Dr. MacRae says that in addition to reducing the treatment time to under 20 seconds, they’re still investigating the best laser paradigm to use. “For example, there’s already ample precedent for using near-infrared femtosecond lasers for ablation (e.g., corneal flaps, SMILE, etc.); therefore, LIRIC may have broader acceptance if it’s performed with a more familiar laser wavelength. However, the physics of multiphoton absorption dictates that the longer the wavelength, the more challenging it is to produce the desired effect.
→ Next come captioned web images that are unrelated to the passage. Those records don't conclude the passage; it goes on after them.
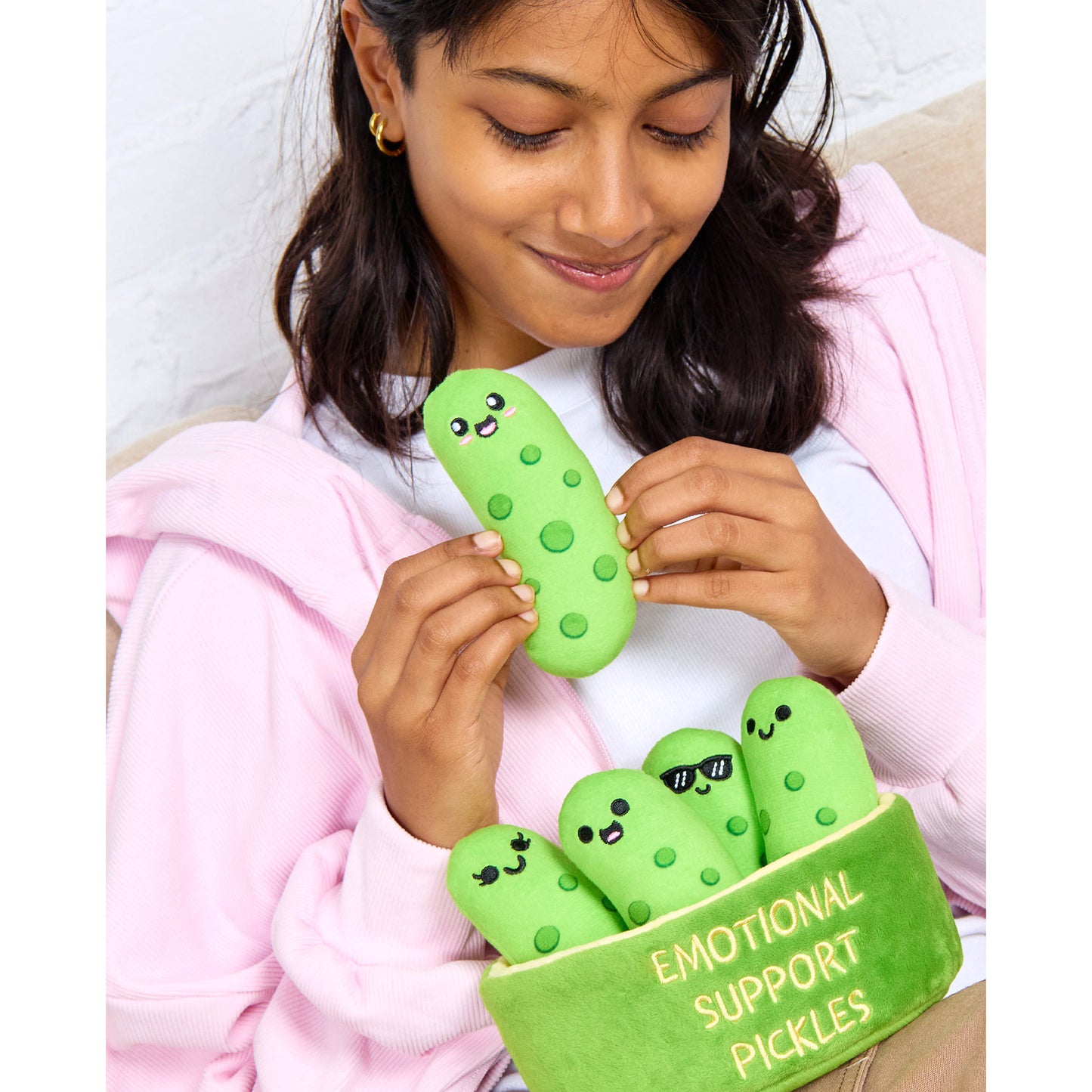 Emotional Support Pickles, Kuscheltier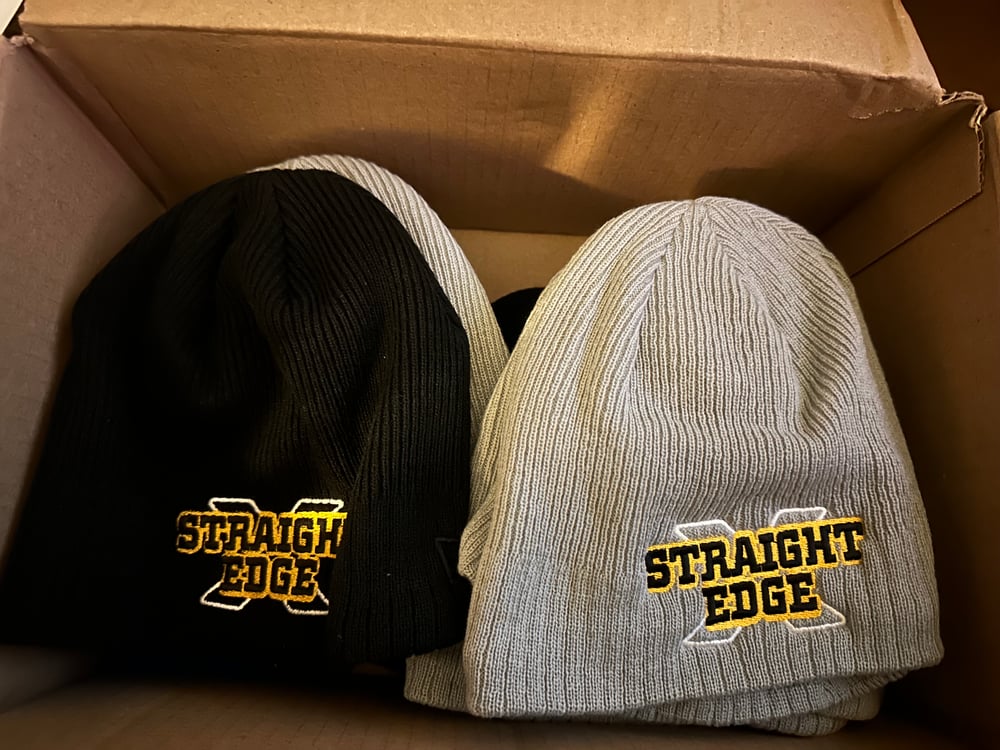 New Era Grey STRAIGHT EDGE Logo Knit Beanie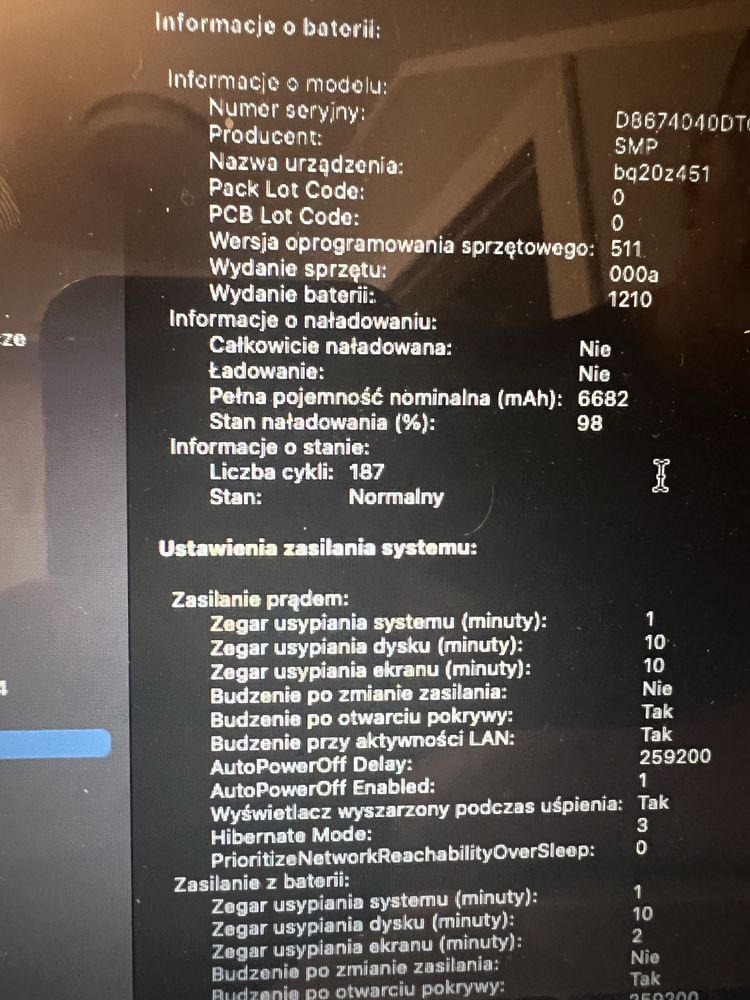 Macbook Air, 13 cali - tylko 187 cykli baterii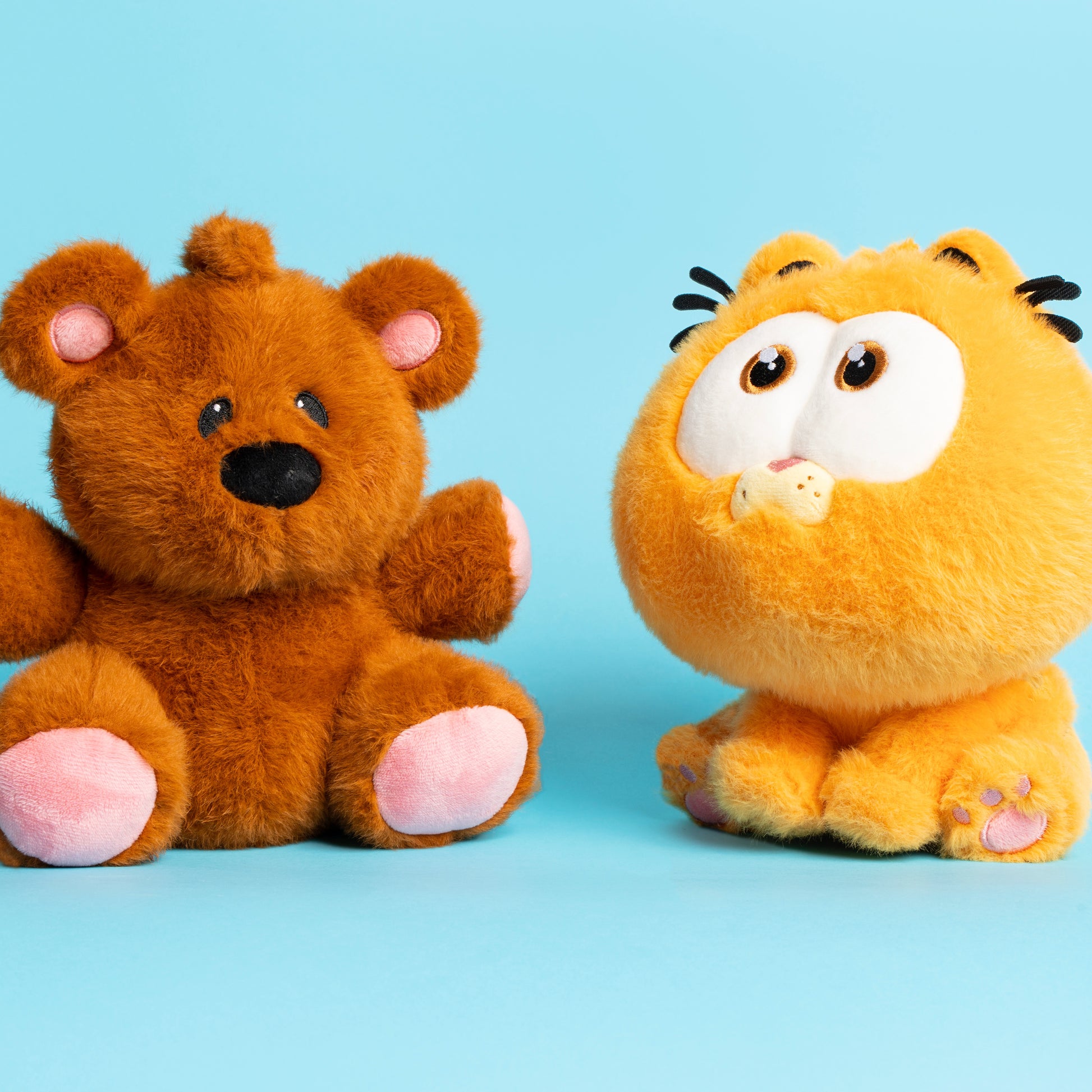 🧸 Garfield Cuddly Squeaky Toy – Big Hugs, Bigger Fun! 🐾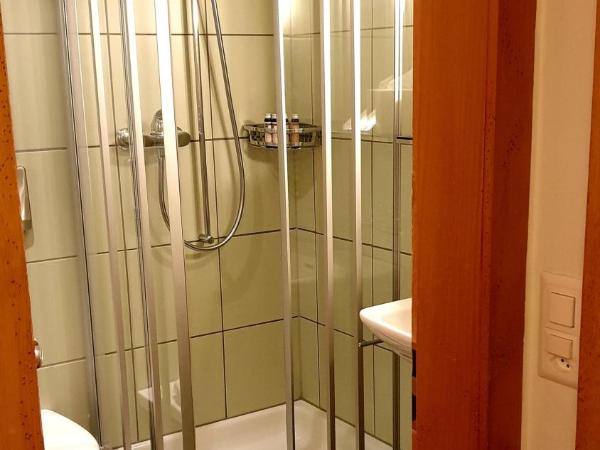 Hotel Schönegg : photo 5 de la chambre petite chambre double avec balcon - vue sur montagne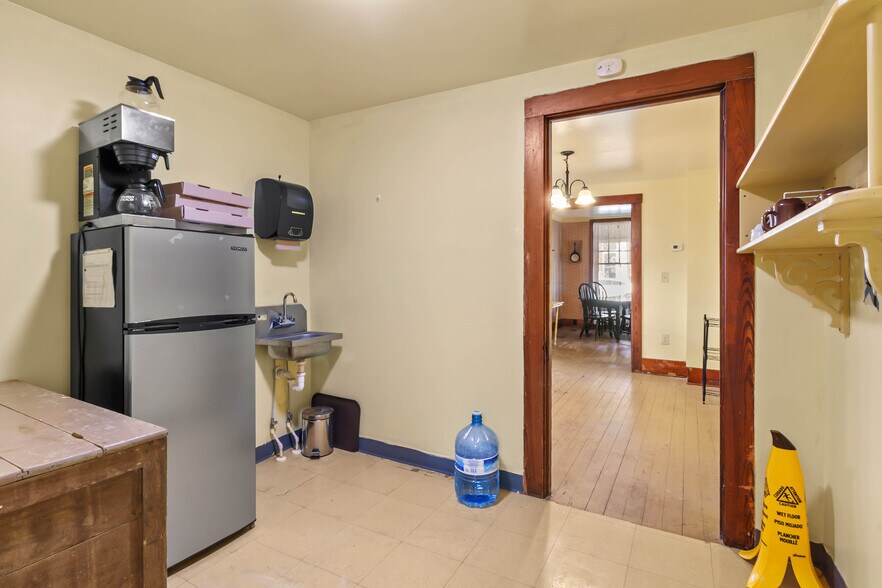 More Photos Of 54 S Main St, Magnetic Springs Restaurant For Sale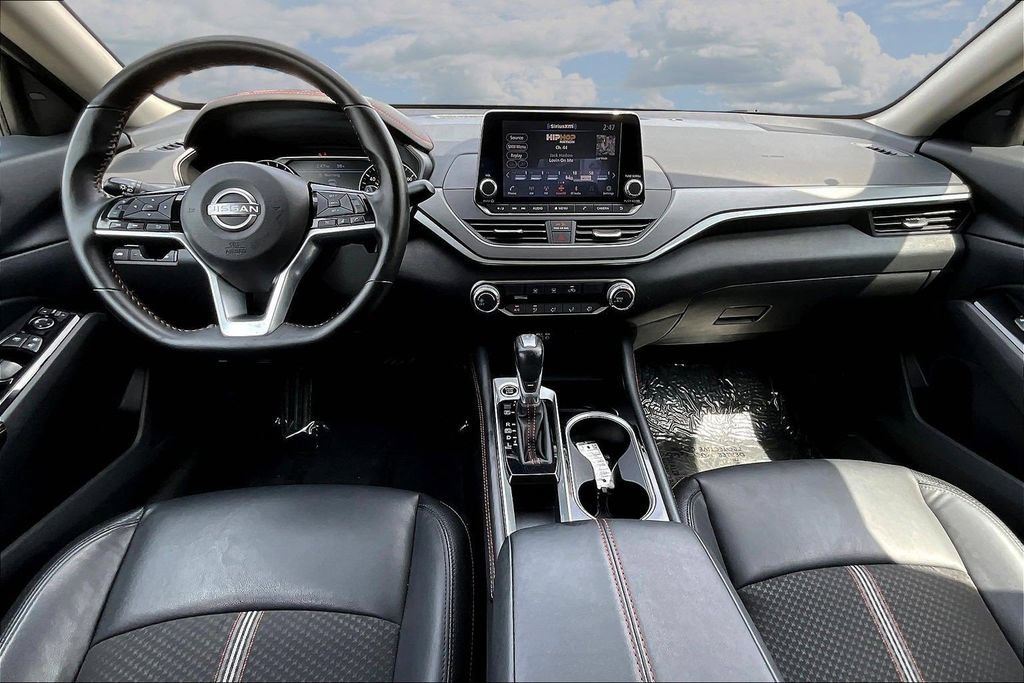 Used 2025 Nissan Altima 2.5 SR FWD image 9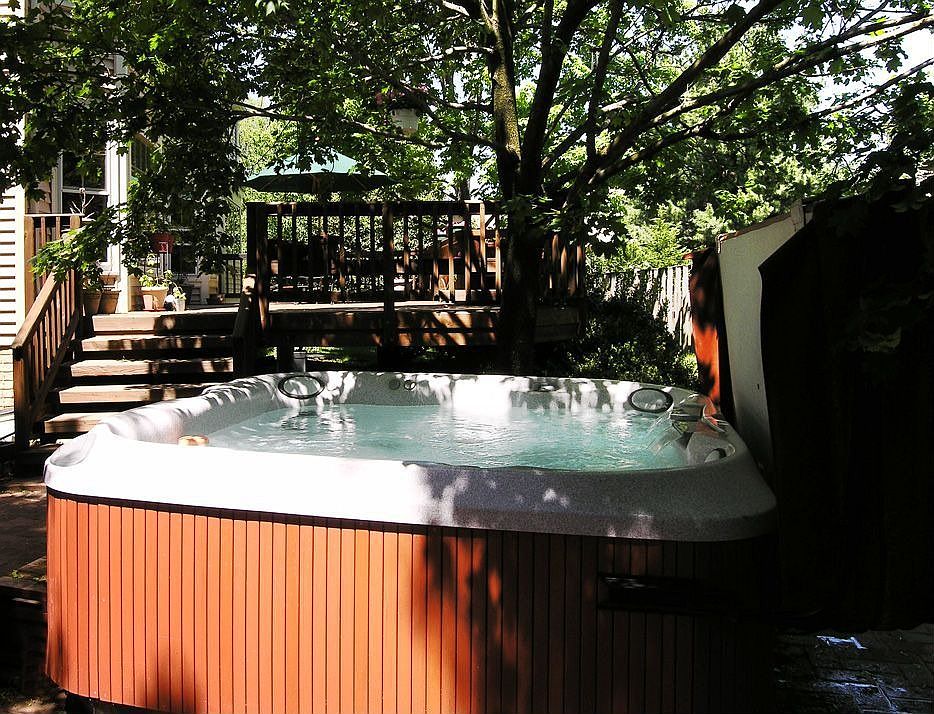 Hot Tub!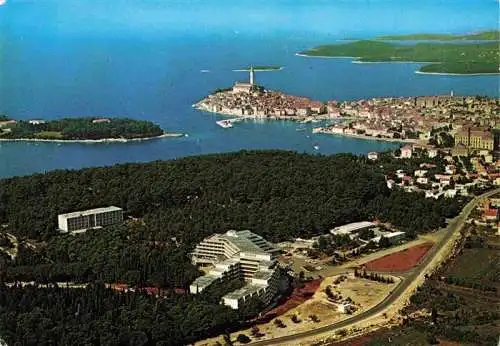 AK / Ansichtskarte 73983658 Rovinj_Rovigno_Istrien_Croatia Panorama Hotel Ferienanlage Hafen Kueste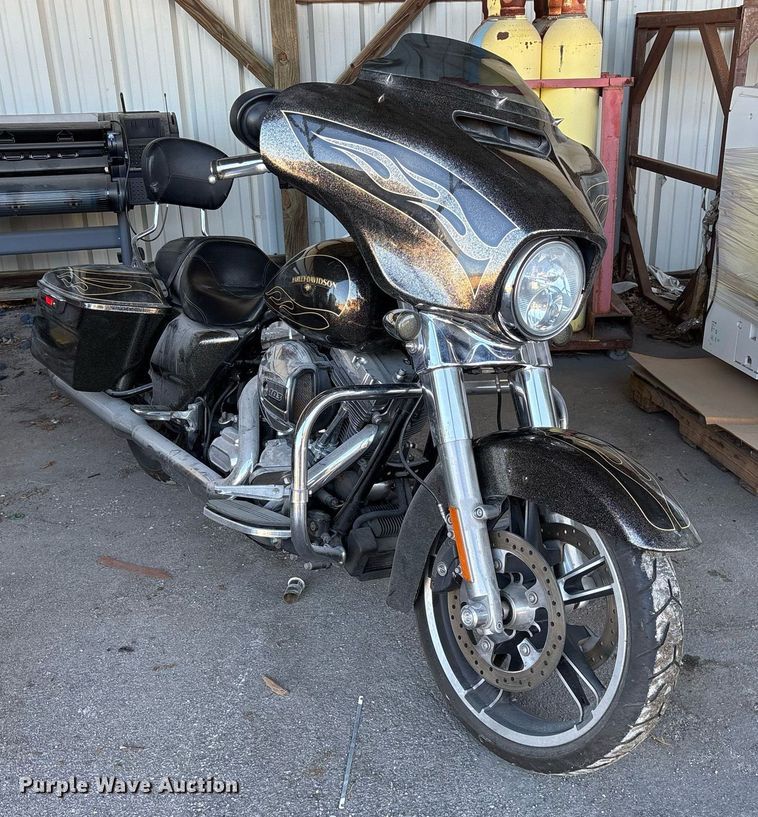 image for item NO9682 2016 Harley Davidson FLHX Street Glide motorcycle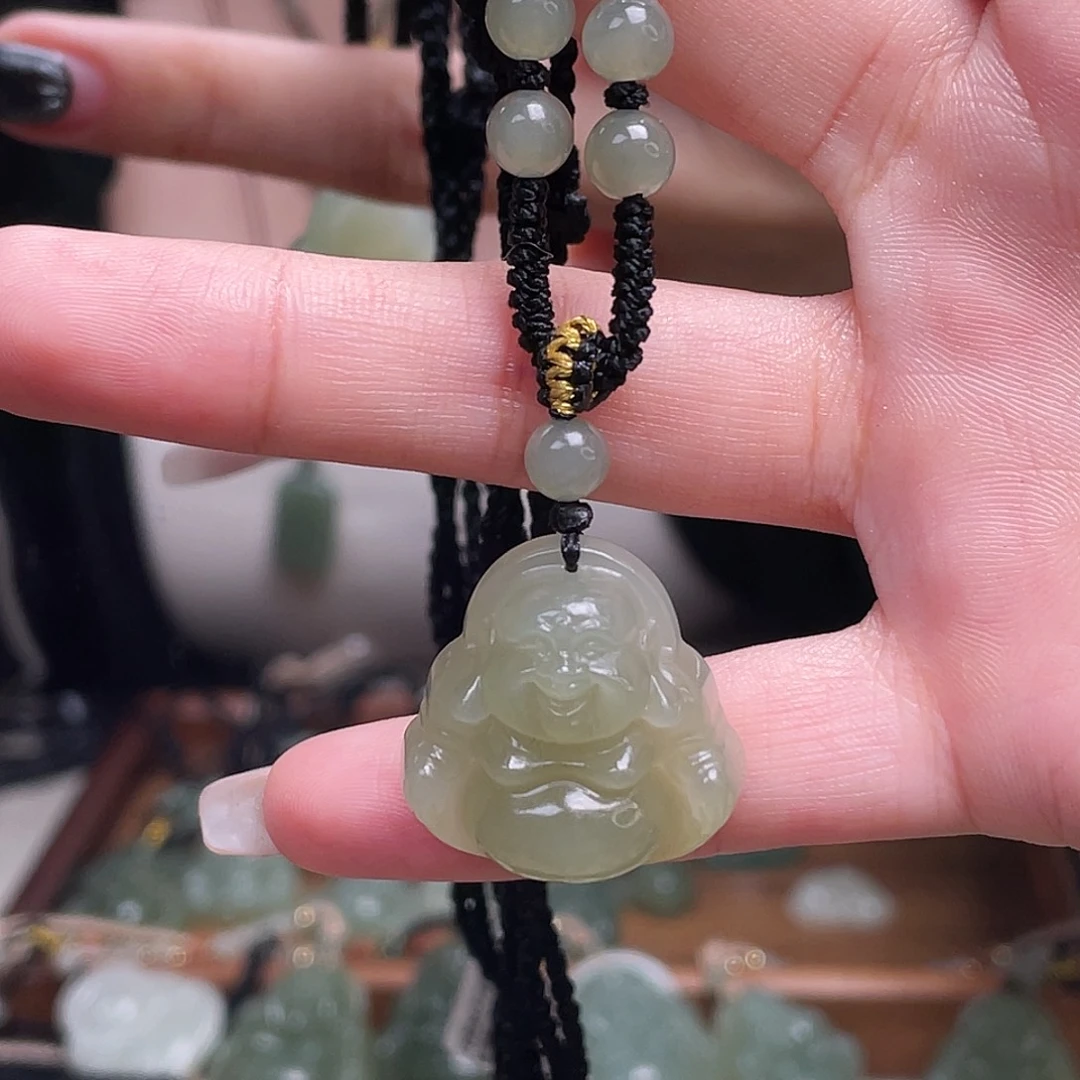 和田玉（糖玉）未镶嵌颈饰25中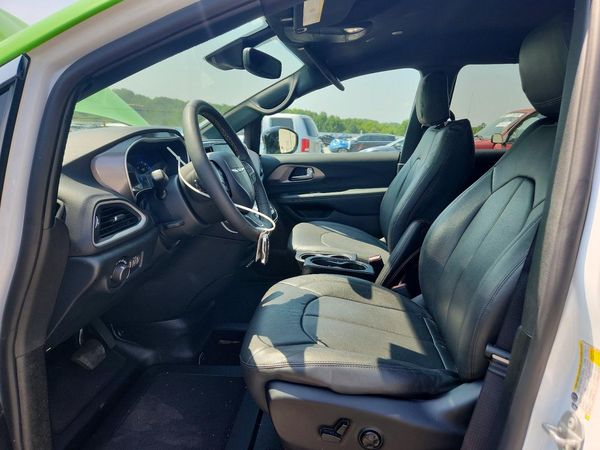 2025 CHRYSLER VOYAGER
More research is required before we finalize our decision on a wavelength and laser settings.”

 

Dr. Colvard is a surgeon at the Colvard-Kandavel Eye Center in Los Angeles and a clinical professor of ophthalmology at the Keck School of Medicine of the University of Southern California.  Dr. Charles is the founder of the Charles Retina Institute in Germantown, Tennessee.

Dr. MacRae is a paid consultant to Clerio Vision, the company developing LIRIC.

Dr. Manche has no financial disclosures related to LIRIC. He owns equity in RxSight, VacuSite and Placid0 and is a consultant to Avedro and Johnson & Johnson Surgical. He also conducts sponsored research for Allergan, Alcon, Avedro, Carl Zeiss Meditec, Novartis and Presbia.

 

 

1. Zheleznyak L, et al. First-in-human laser-induced refractive index change (LIRIC) treatment of the cornea. Invest Ophthalmol Vis Sci 2019;60:9:5079-5079.
2. Savage DE, et al. First demonstration of ocular refractive change using blue-IRIS in live cats. Invest Ophthalmol Vis Sci 2014;55:7:4603-12.
3. Wozniak KT, et al. Temporal evolution of the biological response to laser-induced refractive index change (LIRIC) in rabbit corneas. Exp Eye Res 2021;207:108579.
4. Brooks DR, et al. Measurement and design of refractive corrections using ultrafast laser-induced intra-tissue refractive index shaping in live cats. Ophthal Tech 2018;28:10474.